During associative learning, animals learn to change their behavior in response to a particular stimulus that would otherwise have a neutral influence on behavior. For example, if an animal such as a fruit fly learns to associate a particular odor with a punishing stimulus, the odor itself can become repulsive. Conversely, an odor associated with a reward can become attractive. Despite its relatively modest brain complexity, the fruit fly larva is able to perform such associative-learning tasks. Because of its neuronal simplicity and the fact that it can be genetically manipulated, the fruit fly offers a favorable study case to address a principal question in the field of learning and behavior: Which neurons attribute attractive or aversive values to so-called neutral stimuli, such as odors, in the course of associative learning?
Past work had indicated that certain neurotransmitters played key roles in assigning attractive or aversive values to neutral stimuli--for example, neurons expressing dopamine are required for aversive learning, whereas neurons expressing another neurotransmitter, octopamine, are required for appetitive learning (association of a stimulus with a reward). However, it was unclear whether a common set of neurons were responsible, or whether attractive and aversive values were assigned to neutral stimuli by independent sets of neurons.

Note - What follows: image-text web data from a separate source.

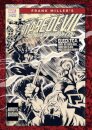 Frank Miller's Daredevil Artist's Edition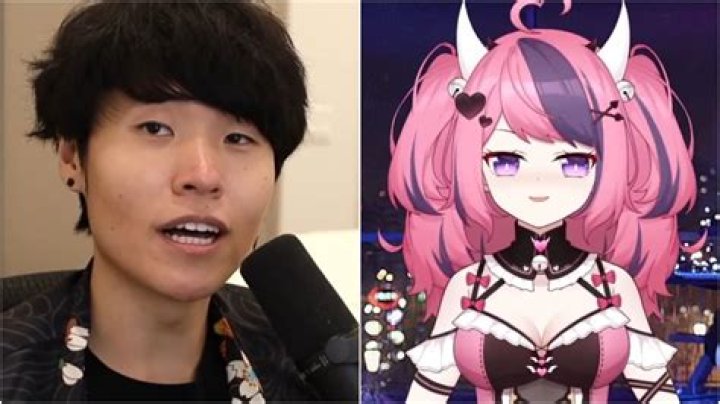 Has Ironmouse Done A Face Reveal? Here's What We Know About The Twitch Streamer ·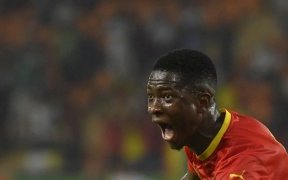 CAN 2023 : La Guinée remporte un match crucial contre la Gambie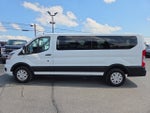 2023 Ford Transit Passenger Wagon XLT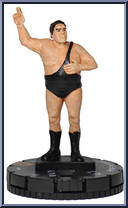 Andre the Giant Action Figure
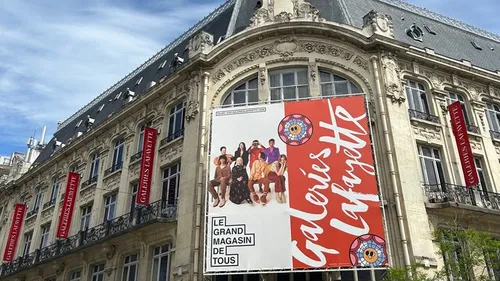 Shein à Dijon : l’association Dijon Écologie s’oppose à l’ouverture...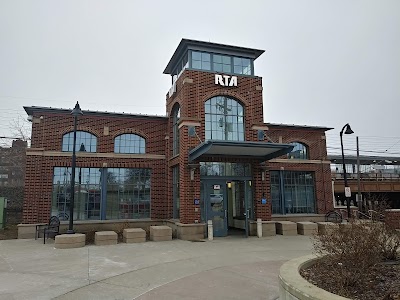 W.117-Madison Station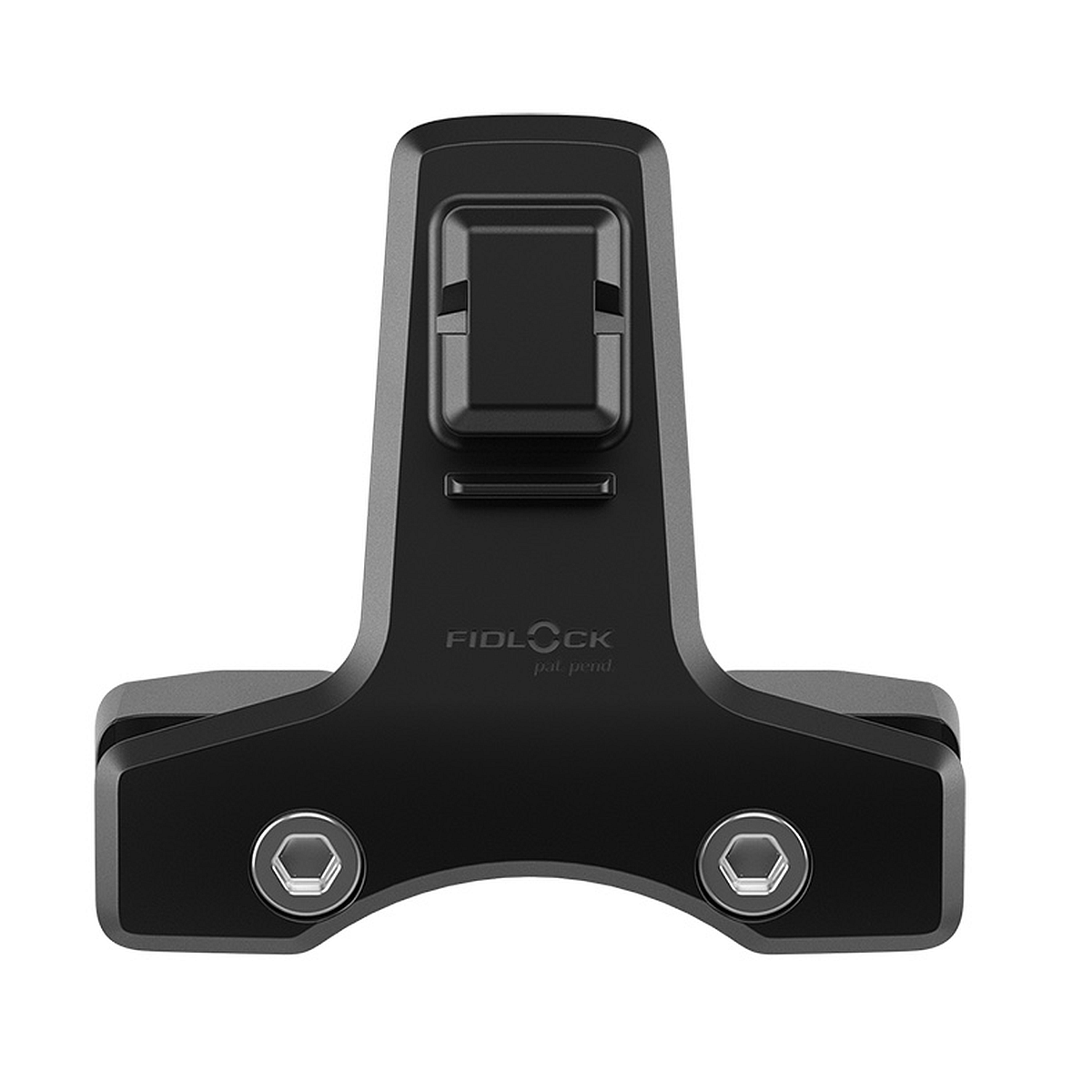 PINCLIP saddle base Saddle Holder for saddle bag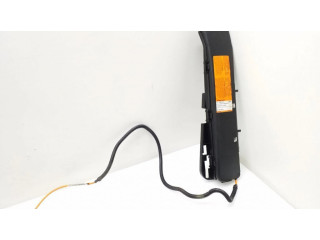 Подушка безопасности в сиденье 8686705, 601321400C Volvo XC90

To tackle this question, the researchers engineered transgenic fruit flies that express in distinct nerve cells a special ion channel, "channelrhodopsin-2," whose activity is light-sensitive (the protein is normally found in green algae). As a result of expressing channelrhodopsin-2, neurons could be activated simply by illuminating fruit fly larvae with blue light. This tool allowed the researchers to test whether such an activation of certain neurons can actually substitute for external stimuli--for example, reward or punishment--in an associative-learning experiment. The researchers found that if an odor is presented while a group of dopamine-releasing neurons are experimentally light-activated, the larvae learn to avoid this odor in a later test, despite the fact that no negative stimulus was presented to the larvae along with the odor. Conversely, if an odor is presented while a different group of neurons--releasing octopamine and/or tyramine--are experimentally light-activated, the odor becomes attractive. These findings demonstrate that antagonistic subsets of neurons are responsible for assigning positive or negative values to odor stimuli. It will be of interest to see whether this principal concept of antagonistic neuronal populations mediating positive or negative values during learning holds true for much more complex mammalian brains as well.